▶ _Description of the task_: Go through the listing and repeat each entry exactly, but include no pictures.

▶ _Provided records_:
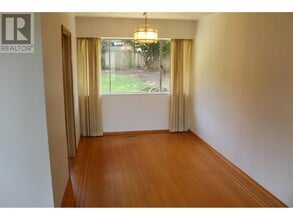 4604 Ranger Ave in North Vancouver, BC - Building Photo - Building Photo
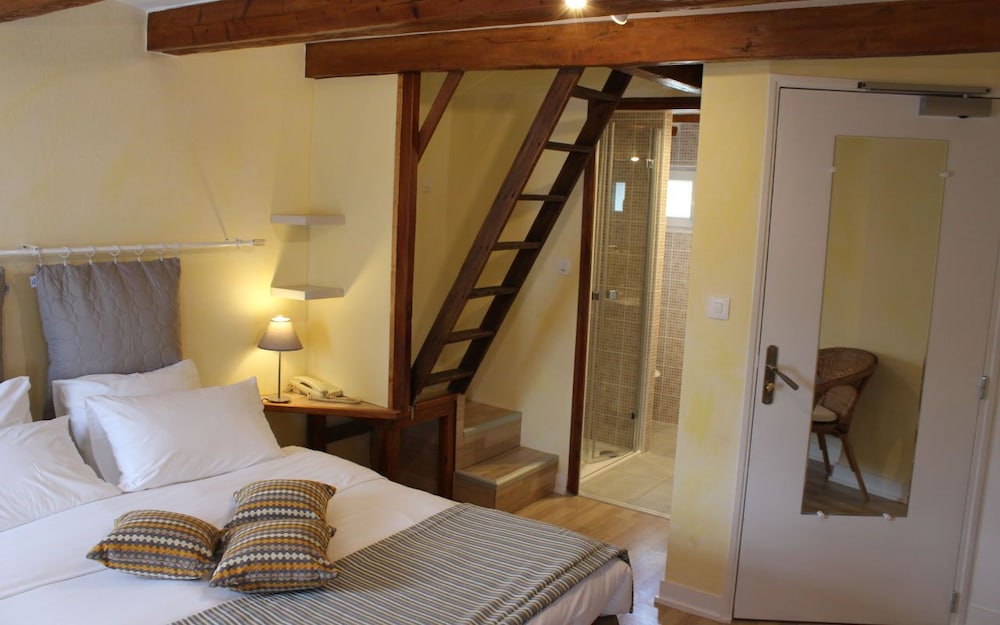 Family Quadruple Room photo 2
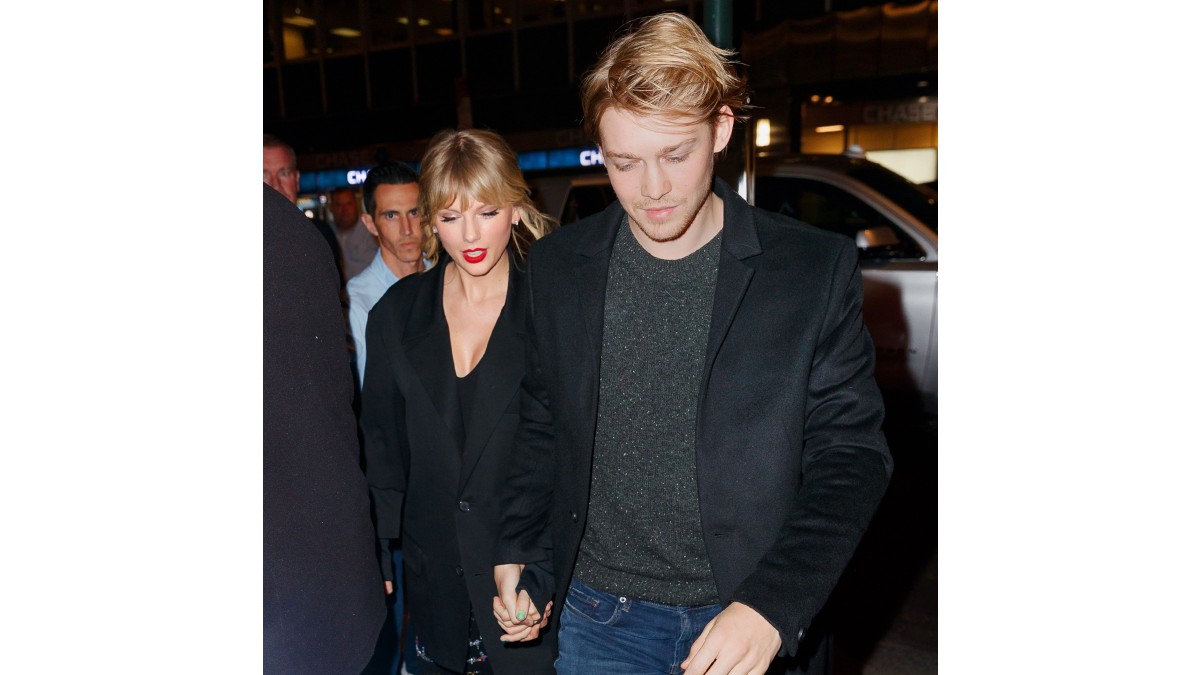 Taylor Swift secretly engaged to longtime beau Joe Alwyn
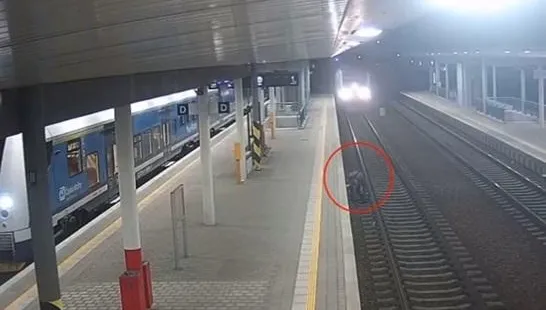 影/這男人太狠了！躍下鐵軌撿菸「被火車撞回月台」　狂轉3圈還活著…差點見上帝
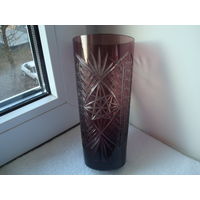 Марганцевая хрустальная ваза высотой 20см, 50-60-ые год. Винтаж.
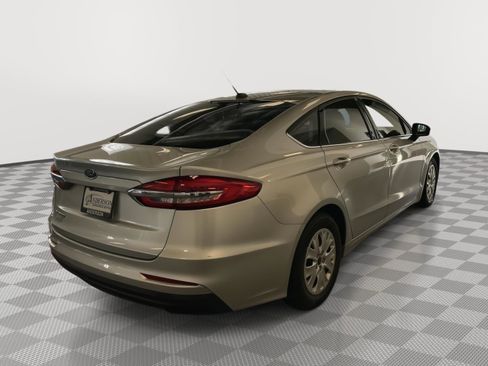 Certified 2019 Ford Fusion S image 6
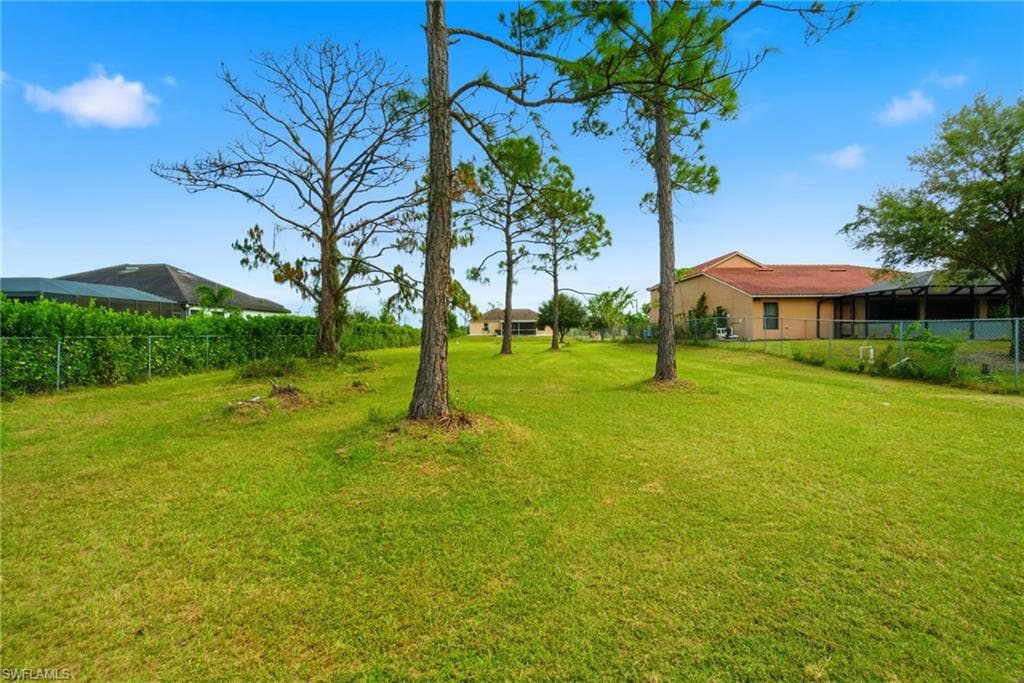 2075 Desoto Blvd N, Naples, FL 34120-37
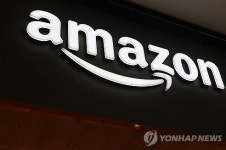 아마존, 12년 만의 스마트폰 재도전...파이어폰 실패의 역설
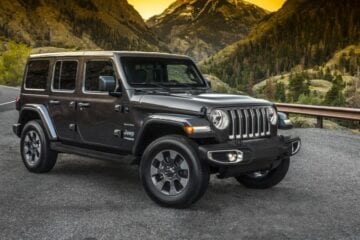 Influenciadoras se aventuram com Jeep Wrangler na Chapada Diamantina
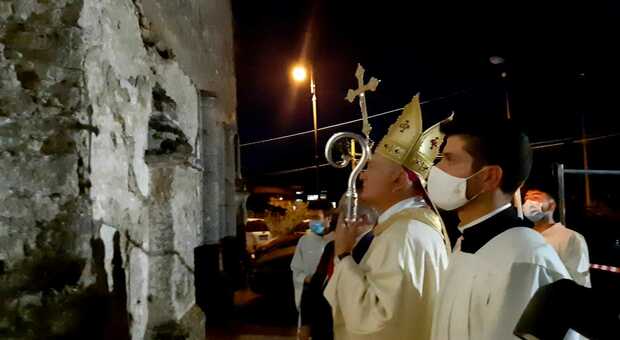 Salerno, monsignor Bellandi benedice la chiesa madre di Calvanico restaurata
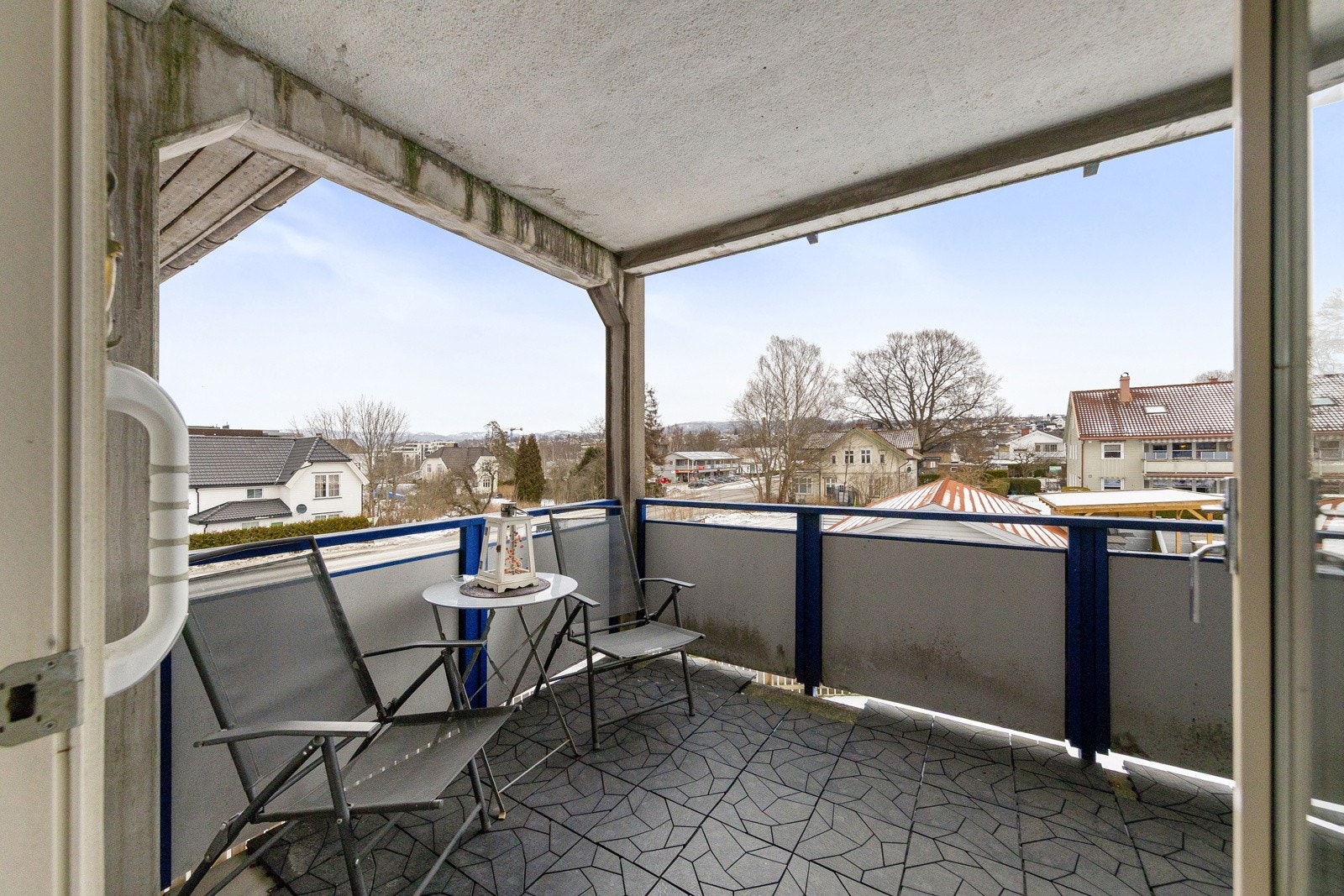 Koselig balkong mot tunet og fellesarealer Galleribilde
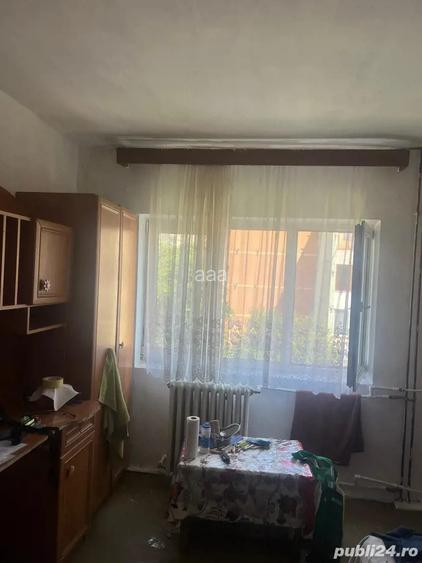 Garsoniera de vanzare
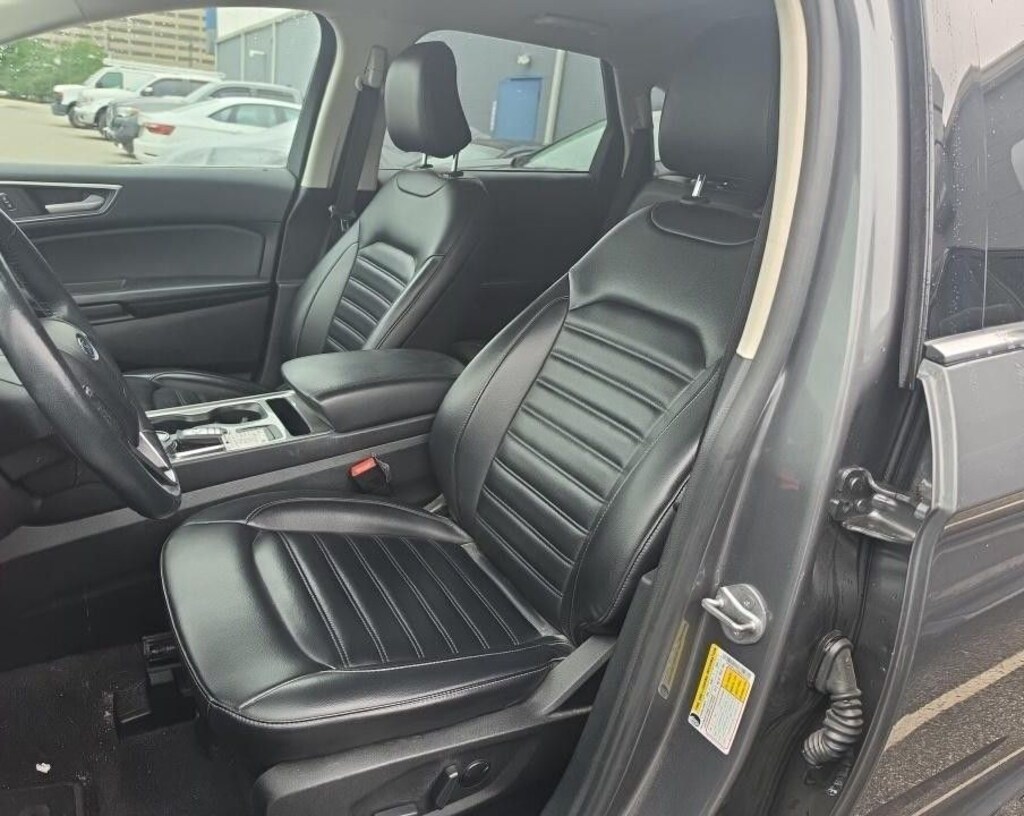 Used 2024 Ford Edge SEL SUV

▶ _Worked solution_:
 4604 Ranger Ave in North Vancouver, BC - Building Photo - Building Photo
 Family Quadruple Room photo 2
 Taylor Swift secretly engaged to longtime beau Joe Alwyn
 影/這男人太狠了！躍下鐵軌撿菸「被火車撞回月台」　狂轉3圈還活著…差點見上帝
 Марганцевая хрустальная ваза высотой 20см, 50-60-ые год. Винтаж.
 Certified 2019 Ford Fusion S image 6
 2075 Desoto Blvd N, Naples, FL 34120-37
 아마존, 12년 만의 스마트폰 재도전...파이어폰 실패의 역설
 Influenciadoras se aventuram com Jeep Wrangler na Chapada Diamantina
 Salerno, monsignor Bellandi benedice la chiesa madre di Calvanico restaurata
 Koselig balkong mot tunet og fellesarealer Galleribilde
 Garsoniera de vanzare
 Used 2024 Ford Edge SEL SUV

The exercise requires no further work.